The original 1875 – 1906 Ministerial Logbook for St. Luke’s Church has not been found. Fortunately, both St. Luke’s Ministerial Logbooks were preserved on microfilm in 1969 by a Lutheran archival group that traveled the Midwest with a portable scanner.
The microfilmed images of the St. Luke’s Ministerial Logbooks are stored with ELCA Archives, 321 Bonnie Lane, Elk Grove Village, Illinois 60007; [email protected]. Congregations and churches may request digital copies of their records, which are also available on Ancestry.com. Individuals may request additional information by contacting the ELCA Archives.
St. Luke’s Ministerial Logbook 1875 - 1906
In 1894, Jewell County had 83 church organizations according to the Burr Oak Herald. However, there was only one Lutheran church in Jewell County at that time - St. Luke’s.

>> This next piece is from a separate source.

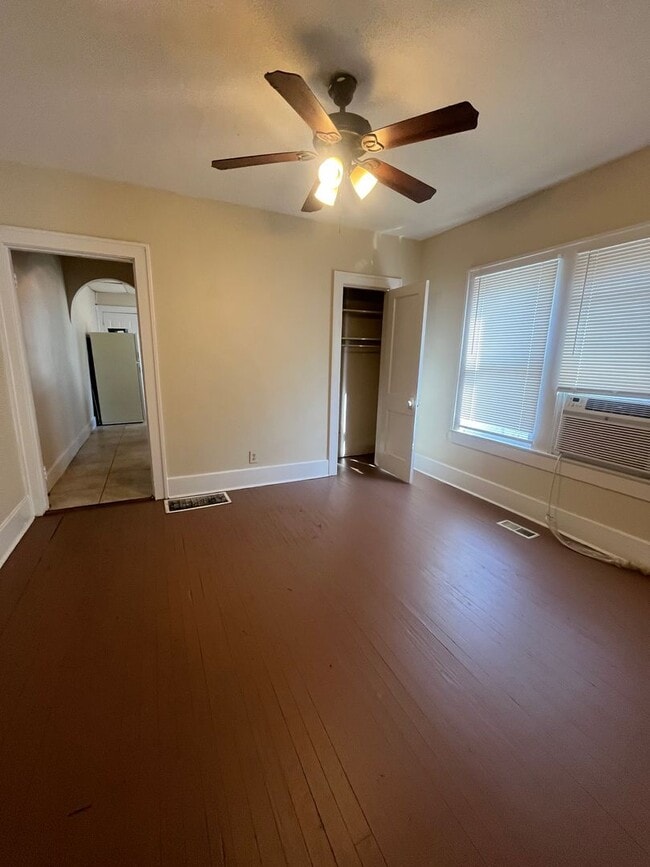 Building Photo - 943 Central-2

Many of the congregations and preaching places listed in the 1875 – 1906 St. Luke’s Ministerial Logbook have been lost to time. The Logbook includes records – mainly baptismal records – for 28 different congregations, including St. Luke’s. The pastors covered congregations in at least eight Kansas counties – Clay, Cloud, Jewell, Logan, McPherson, Meade, Norton and Philips. The pastors also traveled to several congregations across the state line in Nebraska.
In addition to St. Luke’s, congregations listed in the 1875 – 1906 St. Luke’s Ministerial Logbook were:
- Beaver Creek
- Bennington
- Buffalo Creek Scandinavian Lutheran Congregation
- Burtons Bend
- Clyde
- Crooked Creek
- Culbertson
- Decatur Centre
- Deer Creek
- Edmond
- Farmers Creek
- Fredericksburg
- Glasco Norwegian Evangelical Lutheran Congregation
- Indian Creek
- Long Island
- Morgan City Congregation
- Morgantown/Morganville Evangelical Lutheran Congregation
- Nielsburg
- Plum Creek
- Scandia
- Shannon Creek
- Sirdahl/Sirdala Congregation
- Spillman Creek
- Spring Creek
- St. Johannes Danish Scandinavian Congregation
- White Rock
- Zion
St. Luke’s Ministerial Logbook 1907 – 1956
Although the St. Luke’s pastors continued to use a Logbook published in Norwegian, the pastors began writing their records in English in 1907.

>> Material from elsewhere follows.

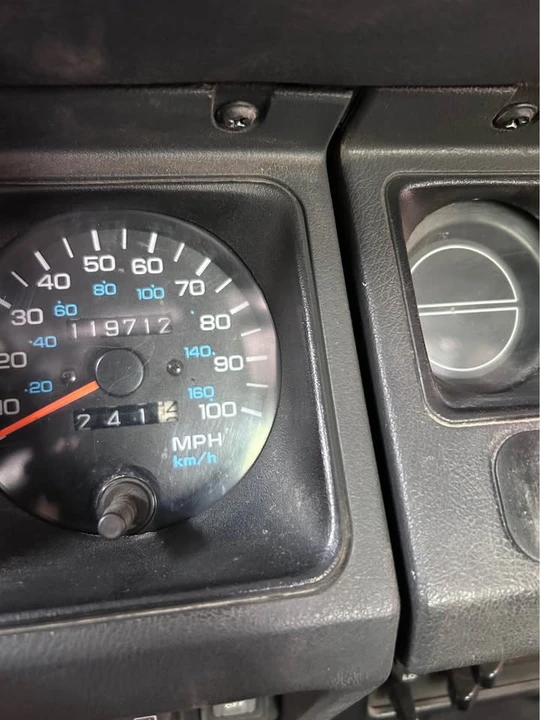 1995 Jeep YJ Wrangler - Image 6 of 10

This Logbook has survived and is stored in a safety deposit box. Plans include scanning the pages of the Logbook and making those images available on this website.
Church Parishes
Throughout the history of St. Luke’s, the congregation joined with other nearby churches to share the services – and costs – of a shared pastor. This practice started in 1880 when the St. Luke’s congregation officially become a member of a parish served by Pastor E. O. Dale. The churches and preaching places were at Mankato, St. Luke’s, White Rock, Glasco, Morganville (then called Morgantown) and St. John’s (northeast of Jamestown.)
Glasco, St. John’s, and St. Luke’s formed a separate parish in 1882. This parish built a parsonage in Jamestown.
In 1906, the congregations of St. Luke’s and Our Savior’s Lutheran Church at Norway formed a new parish that did not include the Glasco or St. John’s churches. The pastor and his family lived in the parsonage at Norway.
The church in Mankato joined with St. Luke’s and the Norway church in 1915. The three churches remained in the same parish nearly thirty years, briefly adding a new Lutheran congregation in Concordia.
Sometime after 1942, the churches in Mankato and Concordia each called a resident pastor. Norway and St. Luke’s continued as a single parish until St. Luke’s closed in 1956.